Copy every entry exactly as it stands, though any image it holds should stay out of the copy.

=== Section Start ===

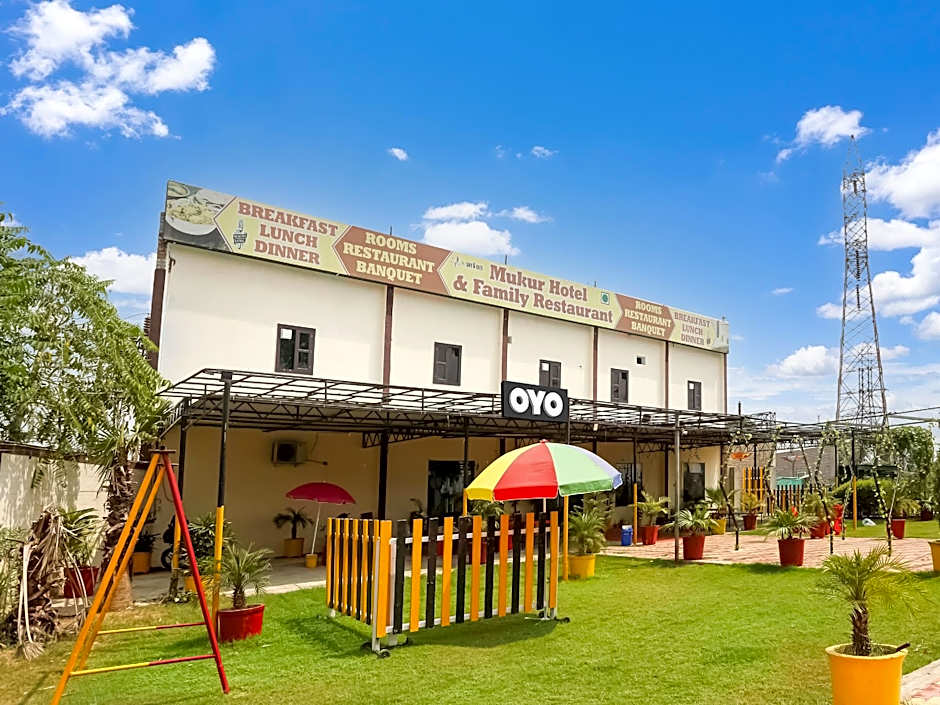 Collection O Mukur Hotel & Restaurant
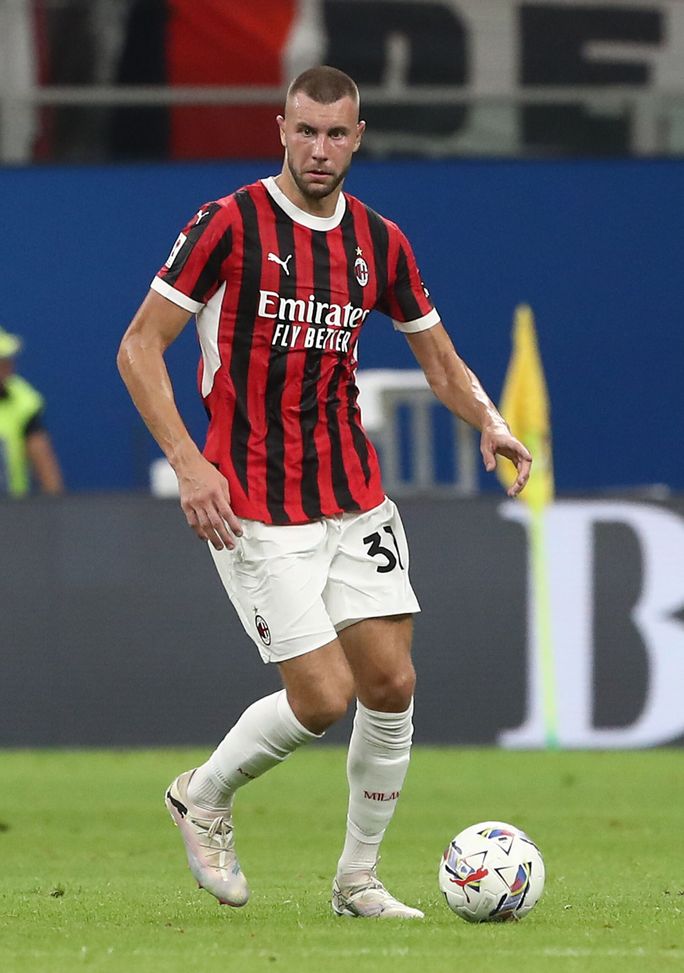 Pavlovic, da gigante cattivo a gigante buono: cosa succede al difensore serbo?- immagine 4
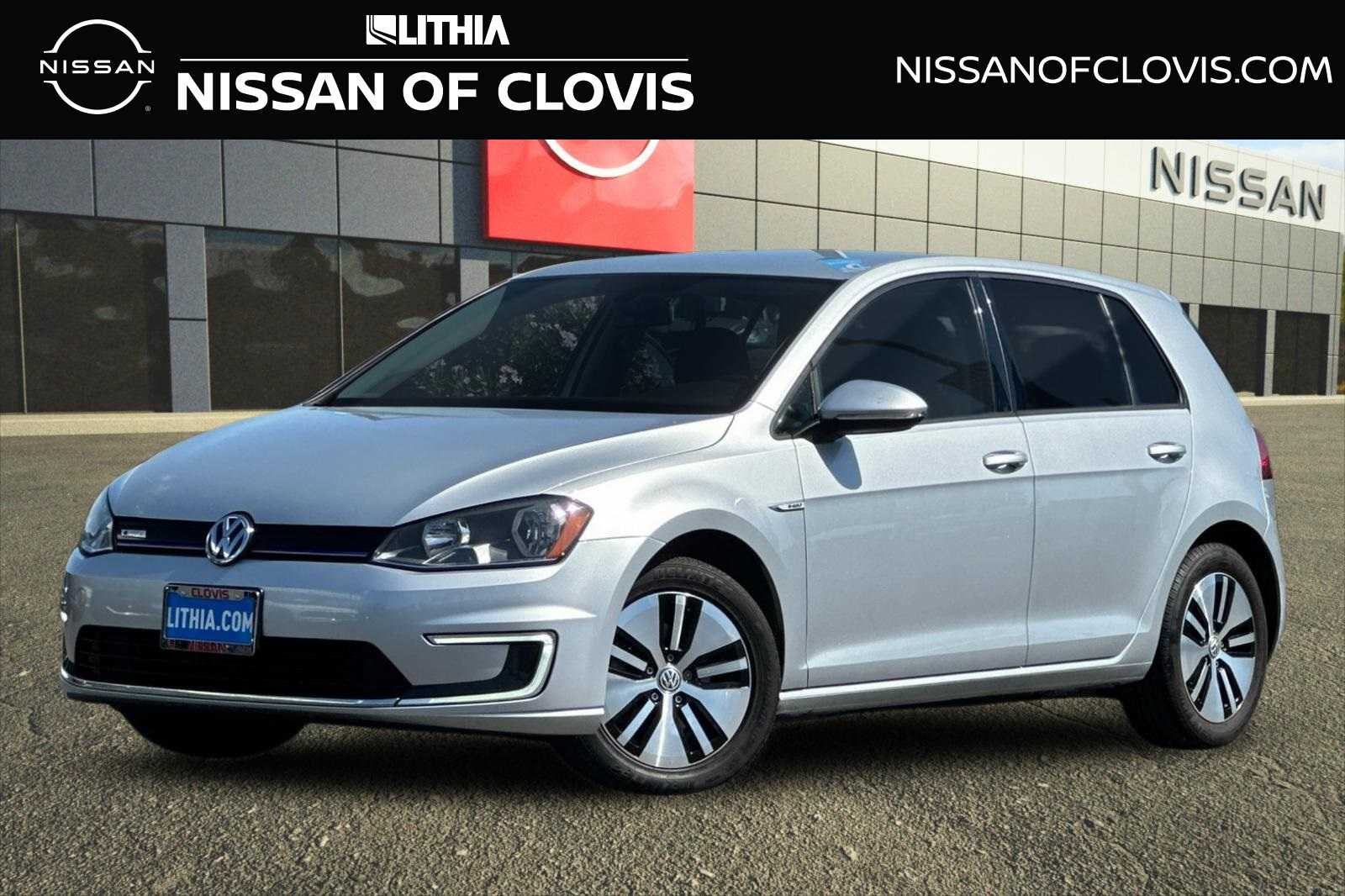 2016 Volkswagen e-Golf SE -
                  Clovis, CA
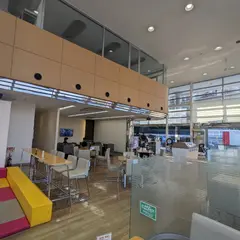 日産大阪販売株式会社 布施店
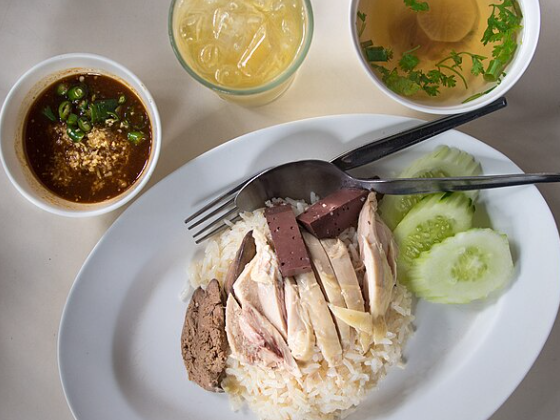 Khao Man Gai vs Singapore Chicken Rice: Which Reigns Supreme?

=== Section End ===

### Answer box
 Collection O Mukur Hotel & Restaurant
 Pavlovic, da gigante cattivo a gigante buono: cosa succede al difensore serbo?- immagine 4
 2016 Volkswagen e-Golf SE -
                  Clovis, CA
 日産大阪販売株式会社 布施店
 Khao Man Gai vs Singapore Chicken Rice: Which Reigns Supreme?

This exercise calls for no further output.